Supplied material →
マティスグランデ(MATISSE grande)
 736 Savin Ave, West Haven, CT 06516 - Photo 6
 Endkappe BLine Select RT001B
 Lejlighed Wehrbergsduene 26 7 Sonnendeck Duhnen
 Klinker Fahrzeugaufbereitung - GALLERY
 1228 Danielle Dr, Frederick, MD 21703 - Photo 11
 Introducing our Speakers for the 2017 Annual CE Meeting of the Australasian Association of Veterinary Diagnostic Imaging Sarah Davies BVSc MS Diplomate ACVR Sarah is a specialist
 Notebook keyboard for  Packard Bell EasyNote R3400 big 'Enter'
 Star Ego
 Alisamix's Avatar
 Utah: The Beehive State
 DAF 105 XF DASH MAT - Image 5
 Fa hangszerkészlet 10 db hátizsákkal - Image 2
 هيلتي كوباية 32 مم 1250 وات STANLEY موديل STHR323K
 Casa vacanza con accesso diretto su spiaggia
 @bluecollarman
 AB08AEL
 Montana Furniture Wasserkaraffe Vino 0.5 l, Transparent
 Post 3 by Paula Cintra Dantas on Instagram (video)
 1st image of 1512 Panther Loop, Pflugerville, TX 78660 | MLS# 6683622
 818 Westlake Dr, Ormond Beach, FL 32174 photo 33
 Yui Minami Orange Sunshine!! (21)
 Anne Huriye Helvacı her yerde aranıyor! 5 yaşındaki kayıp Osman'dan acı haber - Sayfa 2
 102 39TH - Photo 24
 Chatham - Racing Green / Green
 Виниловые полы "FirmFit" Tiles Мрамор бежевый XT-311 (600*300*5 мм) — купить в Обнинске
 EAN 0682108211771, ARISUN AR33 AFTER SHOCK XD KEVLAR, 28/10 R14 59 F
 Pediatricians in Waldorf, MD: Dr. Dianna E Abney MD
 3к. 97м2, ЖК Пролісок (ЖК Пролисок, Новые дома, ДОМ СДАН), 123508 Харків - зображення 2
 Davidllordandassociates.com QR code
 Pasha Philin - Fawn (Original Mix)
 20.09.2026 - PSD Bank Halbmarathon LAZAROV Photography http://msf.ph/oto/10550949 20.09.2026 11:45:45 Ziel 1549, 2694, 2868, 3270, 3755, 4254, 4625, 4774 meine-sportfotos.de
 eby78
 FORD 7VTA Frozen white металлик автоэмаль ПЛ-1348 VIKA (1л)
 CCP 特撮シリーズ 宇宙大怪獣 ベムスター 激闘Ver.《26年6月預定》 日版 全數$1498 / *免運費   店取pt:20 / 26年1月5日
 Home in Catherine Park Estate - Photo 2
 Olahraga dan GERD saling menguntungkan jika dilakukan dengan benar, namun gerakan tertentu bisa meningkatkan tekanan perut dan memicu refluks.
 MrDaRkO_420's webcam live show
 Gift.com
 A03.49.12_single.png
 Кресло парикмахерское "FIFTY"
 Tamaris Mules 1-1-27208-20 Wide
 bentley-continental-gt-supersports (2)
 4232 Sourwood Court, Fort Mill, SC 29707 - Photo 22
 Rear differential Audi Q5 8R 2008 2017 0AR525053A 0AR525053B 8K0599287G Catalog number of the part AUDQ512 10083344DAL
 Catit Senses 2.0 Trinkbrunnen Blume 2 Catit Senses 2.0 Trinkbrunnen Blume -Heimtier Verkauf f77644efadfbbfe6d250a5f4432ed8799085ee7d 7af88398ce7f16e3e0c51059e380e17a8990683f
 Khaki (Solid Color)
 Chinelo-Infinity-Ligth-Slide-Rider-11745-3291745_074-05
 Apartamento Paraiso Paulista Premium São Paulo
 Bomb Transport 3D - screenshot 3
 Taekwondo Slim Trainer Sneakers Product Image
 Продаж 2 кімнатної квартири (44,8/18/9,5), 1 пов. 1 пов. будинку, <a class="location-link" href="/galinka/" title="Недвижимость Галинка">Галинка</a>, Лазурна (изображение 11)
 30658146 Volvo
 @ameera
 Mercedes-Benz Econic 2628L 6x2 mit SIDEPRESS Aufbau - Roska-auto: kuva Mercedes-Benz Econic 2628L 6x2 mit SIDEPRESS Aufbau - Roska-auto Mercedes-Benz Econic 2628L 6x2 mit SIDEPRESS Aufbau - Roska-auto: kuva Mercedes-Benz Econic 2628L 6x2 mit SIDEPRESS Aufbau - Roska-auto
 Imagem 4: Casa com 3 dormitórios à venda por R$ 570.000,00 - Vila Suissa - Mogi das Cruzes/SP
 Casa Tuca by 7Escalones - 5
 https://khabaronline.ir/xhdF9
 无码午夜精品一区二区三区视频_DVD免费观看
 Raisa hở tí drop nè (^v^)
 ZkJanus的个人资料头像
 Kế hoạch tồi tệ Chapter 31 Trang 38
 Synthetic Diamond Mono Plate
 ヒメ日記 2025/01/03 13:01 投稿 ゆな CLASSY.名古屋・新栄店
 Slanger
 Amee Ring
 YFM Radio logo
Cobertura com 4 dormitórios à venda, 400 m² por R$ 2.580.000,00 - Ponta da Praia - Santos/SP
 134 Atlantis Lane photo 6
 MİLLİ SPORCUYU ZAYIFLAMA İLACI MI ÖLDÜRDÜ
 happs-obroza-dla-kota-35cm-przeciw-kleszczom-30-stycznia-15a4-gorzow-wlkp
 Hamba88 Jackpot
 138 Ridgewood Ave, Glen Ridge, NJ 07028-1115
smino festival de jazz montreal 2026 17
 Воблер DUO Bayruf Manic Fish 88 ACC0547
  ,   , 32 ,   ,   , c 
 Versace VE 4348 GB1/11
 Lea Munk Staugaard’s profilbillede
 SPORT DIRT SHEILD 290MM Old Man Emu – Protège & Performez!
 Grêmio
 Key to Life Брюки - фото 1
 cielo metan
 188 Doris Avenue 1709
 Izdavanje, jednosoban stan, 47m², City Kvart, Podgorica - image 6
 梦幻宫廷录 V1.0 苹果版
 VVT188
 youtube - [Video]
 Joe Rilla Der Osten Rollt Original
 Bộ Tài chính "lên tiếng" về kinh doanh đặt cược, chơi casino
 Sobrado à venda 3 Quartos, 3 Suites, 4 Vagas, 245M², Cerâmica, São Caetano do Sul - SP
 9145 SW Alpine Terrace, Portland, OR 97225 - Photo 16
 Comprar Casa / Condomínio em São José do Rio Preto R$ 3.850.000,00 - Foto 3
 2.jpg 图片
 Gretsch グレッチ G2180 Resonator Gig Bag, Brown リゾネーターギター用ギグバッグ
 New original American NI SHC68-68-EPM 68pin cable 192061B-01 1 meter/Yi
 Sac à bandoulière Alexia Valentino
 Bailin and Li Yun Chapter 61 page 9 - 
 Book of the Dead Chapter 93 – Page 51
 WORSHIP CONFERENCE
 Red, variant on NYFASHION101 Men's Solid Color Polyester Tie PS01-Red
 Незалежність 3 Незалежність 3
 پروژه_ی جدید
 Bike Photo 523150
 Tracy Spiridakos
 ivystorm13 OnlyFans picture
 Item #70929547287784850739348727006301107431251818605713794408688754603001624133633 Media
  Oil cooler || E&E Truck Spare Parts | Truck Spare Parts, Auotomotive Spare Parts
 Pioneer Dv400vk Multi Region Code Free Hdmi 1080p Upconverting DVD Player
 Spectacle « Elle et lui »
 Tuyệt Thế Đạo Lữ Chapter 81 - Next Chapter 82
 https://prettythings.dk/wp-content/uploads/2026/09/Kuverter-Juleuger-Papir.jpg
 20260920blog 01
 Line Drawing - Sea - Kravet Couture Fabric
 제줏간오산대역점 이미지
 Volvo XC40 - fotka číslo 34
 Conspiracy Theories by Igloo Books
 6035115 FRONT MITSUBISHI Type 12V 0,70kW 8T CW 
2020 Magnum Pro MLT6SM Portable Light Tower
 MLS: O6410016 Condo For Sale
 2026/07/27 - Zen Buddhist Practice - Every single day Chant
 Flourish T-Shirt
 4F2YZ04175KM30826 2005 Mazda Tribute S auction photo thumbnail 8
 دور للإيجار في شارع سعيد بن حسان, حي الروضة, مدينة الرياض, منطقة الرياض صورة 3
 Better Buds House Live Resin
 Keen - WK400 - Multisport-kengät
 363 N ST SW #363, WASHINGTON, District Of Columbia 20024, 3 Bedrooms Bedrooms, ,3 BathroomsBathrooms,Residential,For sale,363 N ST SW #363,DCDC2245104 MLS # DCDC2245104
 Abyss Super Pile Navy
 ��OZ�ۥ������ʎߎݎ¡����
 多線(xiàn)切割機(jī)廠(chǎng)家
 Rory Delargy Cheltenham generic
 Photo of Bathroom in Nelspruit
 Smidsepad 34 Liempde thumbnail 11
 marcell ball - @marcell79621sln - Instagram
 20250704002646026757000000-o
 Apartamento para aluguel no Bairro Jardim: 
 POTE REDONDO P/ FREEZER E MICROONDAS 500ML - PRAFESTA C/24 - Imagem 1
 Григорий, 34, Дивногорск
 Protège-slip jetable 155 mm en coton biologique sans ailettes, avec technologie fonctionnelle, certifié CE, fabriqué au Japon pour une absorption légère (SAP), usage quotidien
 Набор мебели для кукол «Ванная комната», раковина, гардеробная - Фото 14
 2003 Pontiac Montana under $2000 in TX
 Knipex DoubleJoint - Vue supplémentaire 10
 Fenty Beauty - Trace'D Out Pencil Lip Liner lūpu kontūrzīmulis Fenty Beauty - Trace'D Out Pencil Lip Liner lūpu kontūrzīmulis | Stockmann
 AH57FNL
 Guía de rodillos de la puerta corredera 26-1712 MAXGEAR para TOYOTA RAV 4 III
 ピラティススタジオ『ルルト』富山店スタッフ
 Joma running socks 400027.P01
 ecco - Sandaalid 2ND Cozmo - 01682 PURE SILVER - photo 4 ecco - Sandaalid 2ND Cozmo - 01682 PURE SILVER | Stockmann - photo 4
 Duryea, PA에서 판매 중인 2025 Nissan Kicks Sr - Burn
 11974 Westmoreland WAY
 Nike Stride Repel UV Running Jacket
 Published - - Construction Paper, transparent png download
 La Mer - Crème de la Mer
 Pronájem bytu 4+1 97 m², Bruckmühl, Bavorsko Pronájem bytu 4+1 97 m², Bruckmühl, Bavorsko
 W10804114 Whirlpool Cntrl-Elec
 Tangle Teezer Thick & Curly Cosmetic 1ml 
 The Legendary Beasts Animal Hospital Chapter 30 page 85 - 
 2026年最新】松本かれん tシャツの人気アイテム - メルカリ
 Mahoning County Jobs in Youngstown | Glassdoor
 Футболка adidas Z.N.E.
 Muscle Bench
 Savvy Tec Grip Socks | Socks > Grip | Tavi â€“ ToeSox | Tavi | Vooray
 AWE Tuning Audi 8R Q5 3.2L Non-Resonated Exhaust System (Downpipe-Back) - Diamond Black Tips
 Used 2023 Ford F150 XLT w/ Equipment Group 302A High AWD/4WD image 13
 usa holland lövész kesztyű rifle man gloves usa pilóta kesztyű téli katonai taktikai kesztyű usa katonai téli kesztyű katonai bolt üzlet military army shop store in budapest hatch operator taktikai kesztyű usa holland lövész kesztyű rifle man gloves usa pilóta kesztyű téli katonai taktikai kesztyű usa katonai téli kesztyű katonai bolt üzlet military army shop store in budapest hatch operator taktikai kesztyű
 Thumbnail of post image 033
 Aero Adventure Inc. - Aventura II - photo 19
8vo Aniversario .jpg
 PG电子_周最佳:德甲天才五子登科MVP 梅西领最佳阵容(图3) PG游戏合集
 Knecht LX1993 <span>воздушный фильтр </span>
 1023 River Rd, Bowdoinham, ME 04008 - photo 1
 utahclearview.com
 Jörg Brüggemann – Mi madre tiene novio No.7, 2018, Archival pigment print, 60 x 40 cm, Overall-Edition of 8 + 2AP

Assignment → All lines that include the word "Imagem" must be copied from the material above.

Task solution →
 Imagem 4: Casa com 3 dormitórios à venda por R$ 570.000,00 - Vila Suissa - Mogi das Cruzes/SP
 POTE REDONDO P/ FREEZER E MICROONDAS 500ML - PRAFESTA C/24 - Imagem 1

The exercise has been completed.